Although King initially advocated gradualism, he became increasingly radicalized. In 1967, he proclaimed, “we must recognize that we can’t solve our problem now until there is a radical redistribution of economic and political power…this means a revolution of values.” In an April 4, 1967 speech, King called for a society governed by the democratic socialist idea of ‘people over profit’: “We must rapidly begin the shift from a thing-oriented society to a person-oriented society.” He wanted a “gigantic Marshall Plan” for the poor and was killed organizing Memphis sanitation workers. Before his assassination, he’d planned to organize a coalition that included African-Americans, poor whites from Appalachia and rural areas, Latinx farmworkers, and Native Americans to march on Washington and demand an economic and social bill of rights.

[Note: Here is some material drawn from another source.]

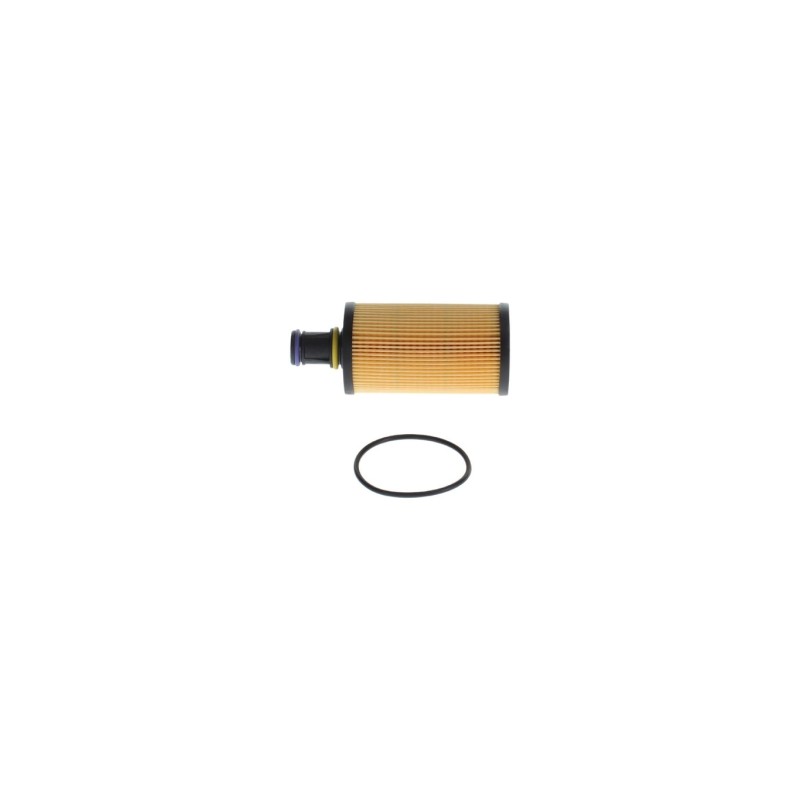 Oliefilter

The modern celebration of May Day originated in the United States amid a different wave of organizing. The Knights of Labor, American Federation of Labor, and other unions were fighting to win the eight-hour workday. They used a series of strikes and protests on May 1, 1886 to pressure capitalists. Thousands of workers took to the streets. On May 3, at a demonstration in Chicago’s Haymarket Square, police clashed with protesters. Someone in the crowd threw a bomb, prompting violence and a number of deaths. The government and corporations took the Haymarket Square riots as a pretext to crack down on leftists. Eight men were tried for the bombing and convicted on flimsy evidence—four died and one took his own life.
Internationally, socialists and communists began commemorating the occasion and named May 1 International Workers’ Day. The federal government moved Labor Day to September to symbolically disconnect our workers’ movement from the rest of the world—this despite May Day’s U.S. origins.
It’s time to rethink U.S. history. Democratic socialism isn’t a foreign import. It’s American, and it has been as long as the modern United States has existed. Bringing back May Day celebrations today would be one step towards acknowledging that important fact.